I dont completely burtonise my water but for APAs add enough calcium sulfate to get the sulfates up to 200ppm (Burton is about 700ppm). Ive found this gives my beer a drier mouthfeel and sharpens/brightens the hop flavour, well worth the trouble.

Dogfish Head also modify their water to a sulfate level of 400ppm.


----------



## kevnlis (3/3/08)

If you have a look here:

http://www.tinkletots.net/kevnlis/Water%20Chemistry.doc

This is the calculations I used to make my additions.


----------



## BOG (3/3/08)

I've entered a Sydney Water profile in Beer Smith and it has produced the required additions table for the mash water.
Have attached in a prevous post.

I'm still struggeling to get my process up to scratch. I'm still getting very low conversion (62%). 
Was wondering if it's a marginal difference in flavour. (small Lever) or something that really changes the flavour profile.

Sound like it's a yes.



BOG


----------



## /// (3/3/08)

BOG said:


> I've entered a Sydney Water profile in Beer Smith and it has produced the required additions table for the mash water.
> Have attached in a prevous post.
> 
> I'm still struggeling to get my process up to scratch. I'm still getting very low conversion (62%).
> ...



Yes, Yes Yes, it is worth it. If you are having mash issue then it seems you need Big Ray Day as part of your salvation!

Scotty


----------



## BOG (3/3/08)

Sorry,

Big Ray Day ??


----------



## Adric Hunter (8/3/08)

honestly i cant taste an enormous difference between my brews, no matter what i do with the water, but all i brew is ales and i know that lagers seem to be a lot more picky with their water choice


----------



## sah (8/3/08)

My experience tells me it is worth it, even if you just concentrate on sulphate.

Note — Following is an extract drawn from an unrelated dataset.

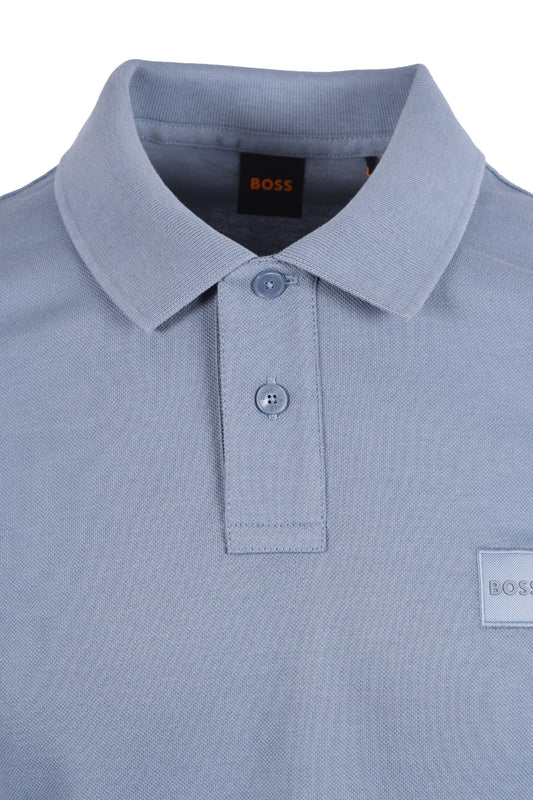 Boss Orange PASSENGER POLO | MEDIUM BLUE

It gives you a sharper bitterness and hop character.

regards,
Scott


----------



## neonmeate (9/3/08)

for sure it is worth it - but fullers beers don't have a very hard-water flavour to me - they're not burtonised to the same extent as things like black sheep or landlord.


----------



## tangent (9/3/08)

Trying not to go on about _Beer Alchemy_ all the time but...


I have these readouts:





Makes it pretty simple.


----------



## neonmeate (9/3/08)

tangent said:


> Trying not to go on about _Beer Alchemy_ all the time but...
> 
> 
> I have these readouts:
> ...



except that brewers in london have that programme too, and can select "burton" or "munich" or whatever... just because a brewery is in london doesn't mean that water profile will be right. although probably closer!


----------